REDUCING the risks of higher light bills to Barbadians was the lone reason the Barbados Light and Power Company (BL&P) sought to introduce hedging on the Fuel Clause Adjustment (FCA).
 
This is according to Kim Griffith-Tang How, Director of Customer Solutions at the BL&P, during a news conference yesterday.
 
The application for hedging was turned down last month by the Fair Trading Commission (FTC) which ruled that the company did not make a strong case and that were the go-ahead given to the company to introduce the measure, it would have resulted in higher light bills to consumers. 
 
Griffith-Tang How explained that hedging is a tool to reduce customers’ exposure to extreme fuel price movements and to lower the risk of price increases to our customers.
 
It is different from speculation which involves taking risks or gambling to make a profit.
 
“At no time was the Light and Power contemplating speculation on fuel prices as reported in some areas of the press,” the BL&P official said. “We were simply seeking to reduce the risks of fuel price increases to our customers,” she said.
 
She remarked that the Light and Power does not profit in any way from the FCA mechanism and neither would the company have benefited financially from the proposed fuel hedging programme.
 
According to her, “The FCA is a pass through charge which recovers all fuel related costs used in the generation of electricity.
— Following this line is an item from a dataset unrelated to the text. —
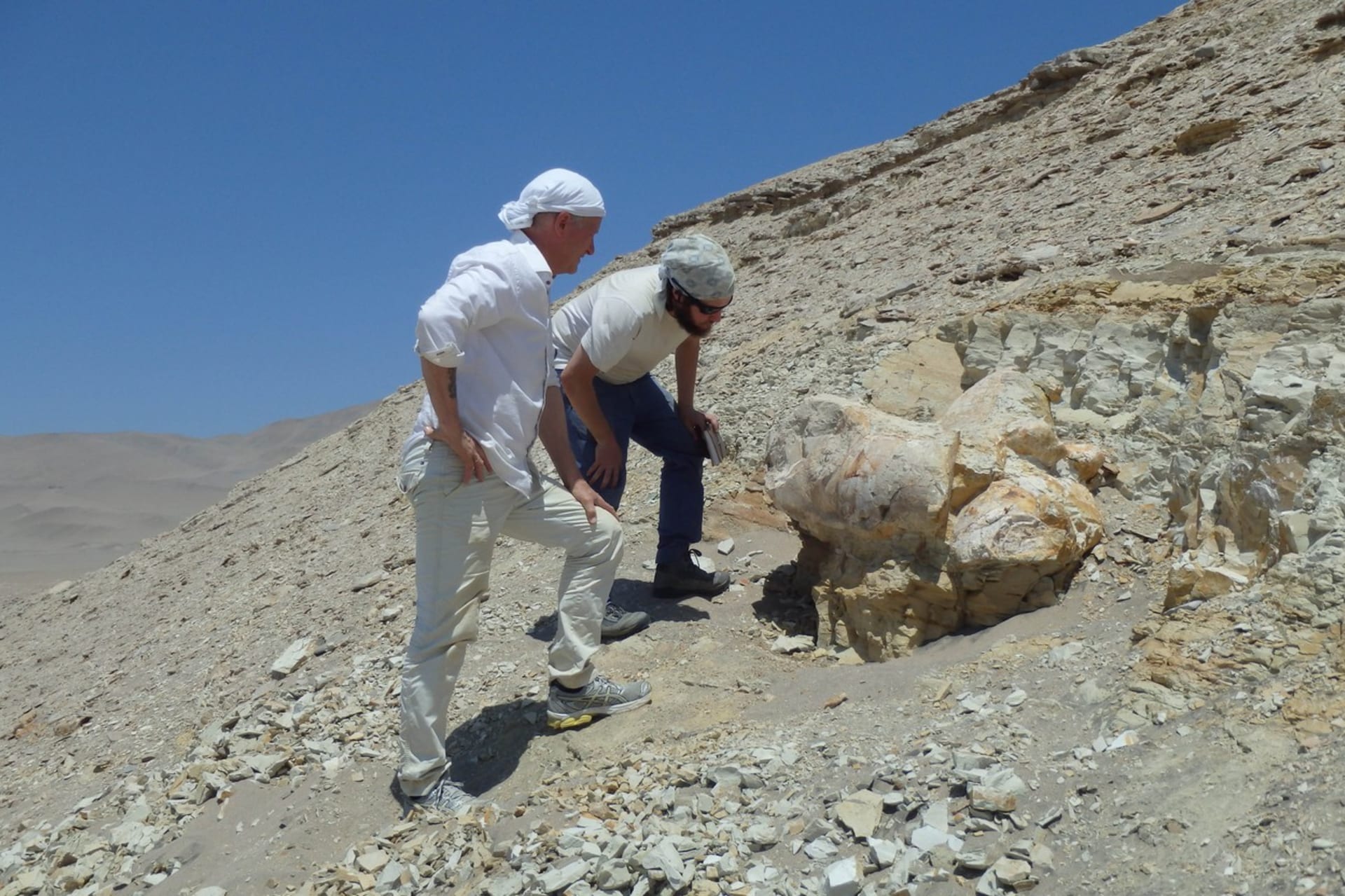 Paleontologové na nalezišti v Peru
These costs are reviewed monthly by the FTC. Similarly, it was contemplated that costs associated with the administration of hedging would also be a direct pass through.”
 

The Light and Power will not be appealing the FTC decision but it hopes to make another application to have the matter dealt with. “We accept the decision,” Griffith Tang-How said. It is the second time the company had been seeking to introduce hedging and the first application was also turned down.

 

Managing Director, Roger Blackman said that the application to the FTC was a response coming from customers. He stated that in recent times one had been seeing an increase in oil prices from about US$37 a barrel in early last year to over US$50 currently, and the subsequent increase in light bills. He reasoned that if a hedging agreement was in place, there would have been lower light bills.